The proposed model uses a new variable that is related to the idea of “sales season”. This categorical variable can assume 3 values: High, Mid and Low season and was created to distinguish between times of the year when systematically there are more sales, such as close to the release of a new model, and times when there are less sales.

The model predict that sales are negatively related to the unemployment rate, and affected by sales season created by externalities, such as the release of new car design. The model is of simple application and understanding.

During test performed the proposed model incurred in errors that varied from about -7000 up to about 4300 units, with RMSE of about 4800 units, which corresponds to about 30% of the median sales value.

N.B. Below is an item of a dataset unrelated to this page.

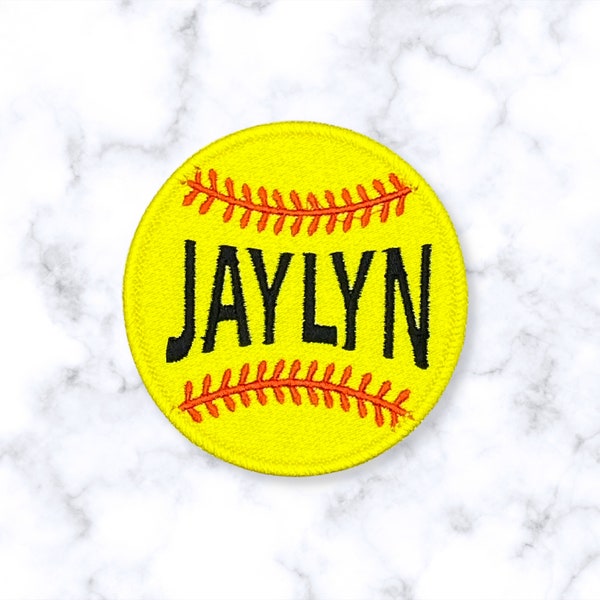 Personalized Softball Name Patch, Embroidered Softball Patch, Custom Name Softball Patch, Softball Shaped Patch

This percentage is exceedingly high and further studies are needed to incorporate in the model other variables, less correlated with the existing ones, that might be able to improve such estimates.

One may also evaluate the use of more complex models that may consider the time series and use the idea that near future sales are deeply related to the near past sales, something that is not possible using this type of linear modelling.